Established in 1992, the Major Group for Children and Youth (UN MGCY) is the United Nations General Assembly mandated, official, formal and self-organised space for children and youth to contribute to and engage in certain intergovernmental and allied policy processes at the United Nations.

== Role and areas of work ==
The MGCY acts as a bridge between young people and the UN system in order to ensure their right to meaningful participation. It does so by engaging formal and informal communities of young people, in the form of child-led, youth-led, and child-and-youth-serving federations, unions, organisations, associations, councils, networks, clubs, movements, mechanisms, structures and other entities, as well as their members and individuals in the Design, Implementation, Monitoring, and Follow-Up & Review of sustainable development policies at all levels.

In order to effectively and meaningfully engage in the UN, the MGCY facilitates and conducts a number of online and offline activities in the following areas- Policy & Advocacy, Capacity Building, Youth Action, and Knowledge .

=== Policy & Advocacy ===
The MGCY seeks to:

(a) Facilitate the collective and meaningful participation of young people in official and formal avenues of policy design, implementation, monitoring, follow-up and review at all levels. These include, but are not limited to: intergovernmental deliberations (negotiations, reviews and reporting), substantive deliberations, briefings, special fora, UN reports and UN system-wide policy.

(b) Advise entities in the UN system's engagement and thematic architecture across the scope of their activities on policy and substantive matters related to youth priorities and processes of meaningful engagement.

(c) Facilitate the participation of young people in existing stakeholder structures, partnerships, platforms and mechanisms in the UN system and build interlinkages among key stakeholders active in the work of relevant processes.

=== Capacity Building ===
The MGCY seeks to:

(a) Facilitate capacity building processes and activities for young people aimed at enhancing understanding, knowledge and skills in relation to sustainable development, meaningful engagement, the UN system and its various technical and political processes and organs.

=== Youth Action ===
The MGCY seeks to:

(a) Provide young people with a platform that encourages them to lead, join, showcase and share innovative and effective actions aimed at addressing the needs of all people and planet.

(b) Use youth-led initiatives to identify best practices, map sample activities across thematic and regional contexts and exemplify how youth actions contribute to the implementation, follow-up and review of targets, indicators, and deliverables across various sustainable development frameworks.

=== Knowledge ===
The MGCY seeks to:

(a) Provide young people a platform for dialogue to create an evidence base for best practices in design, implementation, monitoring, follow-up and review of sustainable development frameworks and affiliated processes. This includes the assessment of existing knowledge, the generation of new knowledge, the identification of emerging issues and effective use and dissemination of knowledge to inform policy processes. It should include inputs from formal, informal, traditional and indigenous knowledge streams.

== Membership ==
Membership in MGCY is facilitated through an open process. Any formal or informal child-led, youth-led and child-and-youth-serving entities, as well as their members and individuals, may join.

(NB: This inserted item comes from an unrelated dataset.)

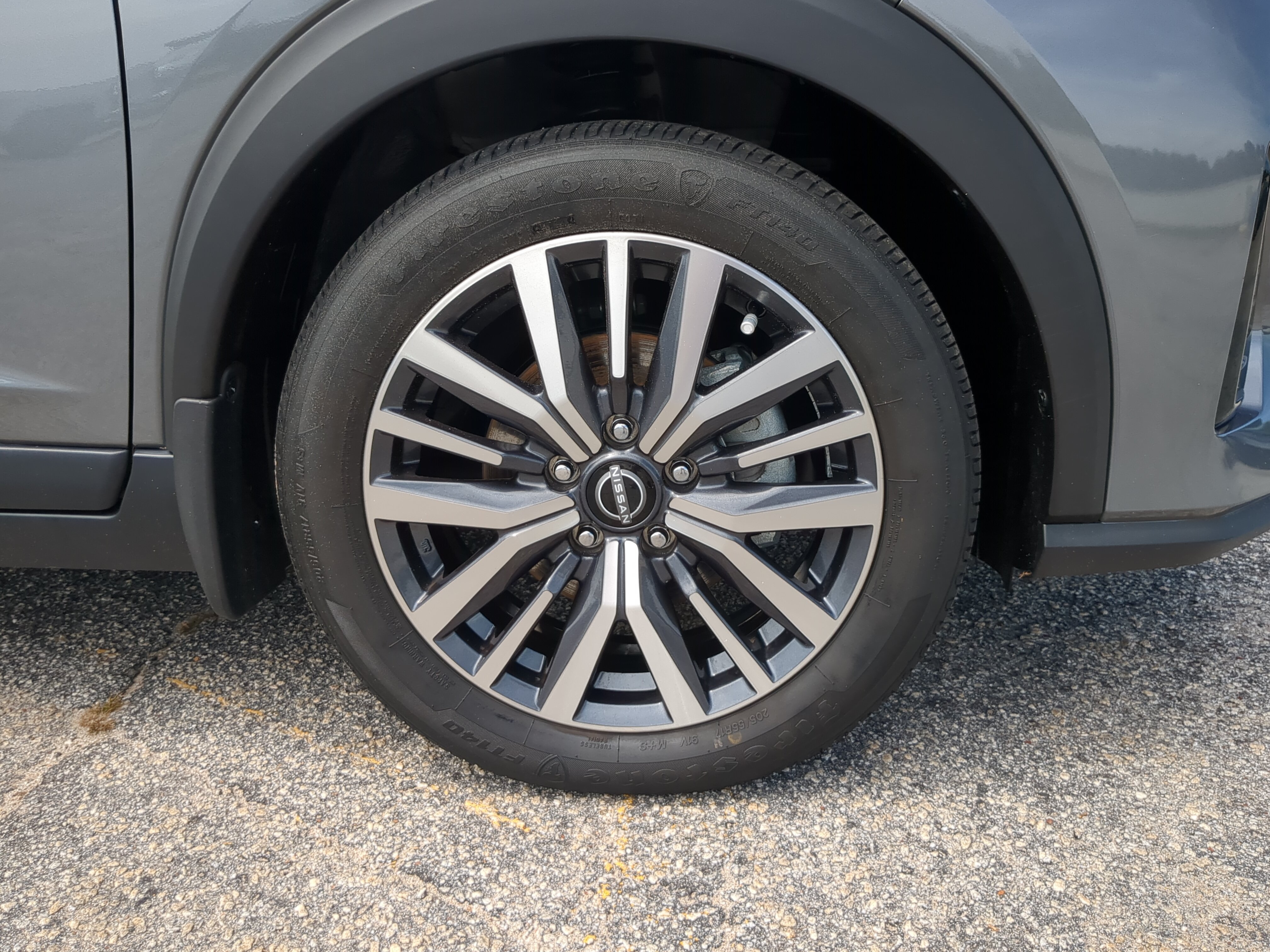 Used 2024 Nissan Kicks SV FWD image 9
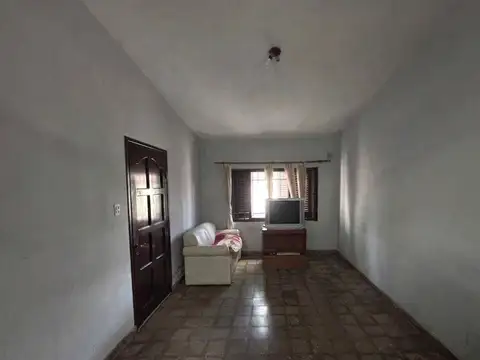 VENTA CASA Y DEPARTAMENTO CON LOCAL B YOFRE SUR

All members of the UN MGCY must, first and foremost:
- AGREE to adhere to the Process and Procedures of the MGCY;
- AGREE with the principles of the UN Charter;
- AGREE with the values and principles of the MGCY as expressed in its vision - “the collective principles of solidarity, justice, equity, inclusion, human rights and the integrity of the planet”.
The membership is divided between the following categories:
- Any youth-led or child-led entity that can sign up to the MGCY online or in person that is representative of the interests of children and/or youth, and has a policymaking body controlled by people 30 years old or under;
- Any child-or-youth serving entity that can sign up to the MGCY online or in person that works with children and/or youth but doesn't have a policymaking body controlled by individuals 30 years old or under.
- Any individual not part of one of the above-mentioned categories, may join the MGCY through becoming a member MGCY's legal entity called Children Youth International and abide to its Rules of Procedure and Code of Conduct.
- Once an eligible entity or individual (using the CYI channel) fills in the form, the coordination team processes the input and admits them as members. These entities that are members (not having a policymaking body controlled by people 30 years old or under) may not stand or vote in elections of the Organising Partners, Global Focal Points, or other mandated positions, apart from Children’s Focal Point.

== History ==
The Major Group system was created following the 1992 United Nations Conference on Environment and Development (UNCED), held in Rio de Janeiro, Brazil, also referred to as the Earth Summit. Through Section III of Agenda 21, one of the Earth Summit's outcome documents, the world's national governments formally recognized the role of all social groups in working towards sustainable development. To implement this, nine Major Groups were established to organize and channel inputs into intergovernmental processes established at the Summit. These include:
- Women
- Children and Youth
- Indigenous Peoples
- Non-Governmental Organizations
- Local Authorities
- Workers and Trade Unions
- Business and Industry
- Scientific and Technological Community
- Farmers
Two decades after the Earth Summit, the importance of effectively engaging these nine sectors of society was reaffirmed by the Rio+20 Conference. Its outcome document "The Future We Want" highlights the role that Major Groups can play in pursuing sustainable societies for future generations. In addition, governments invited other stakeholders to participate in UN processes related to sustainable development, which can be done through close collaboration with the Major Groups. These include:
- Local communities
- Volunteer groups
- Foundations
- Migrants and families
- Older persons
- Persons with disabilities
The Major Group for Children and Youth initially provided input into a single process: The Commission on Sustainable Development (CSD). The CSD was mandated to monitor the implementation of goals and resolutions adopted the Earth Summit, and functioned as a commission of the United Nations Economic and Social Council. From 1992 until 2012, the Commission on Sustainable Development met annually to discuss and evaluate progress towards the objectives established at the Earth Summit.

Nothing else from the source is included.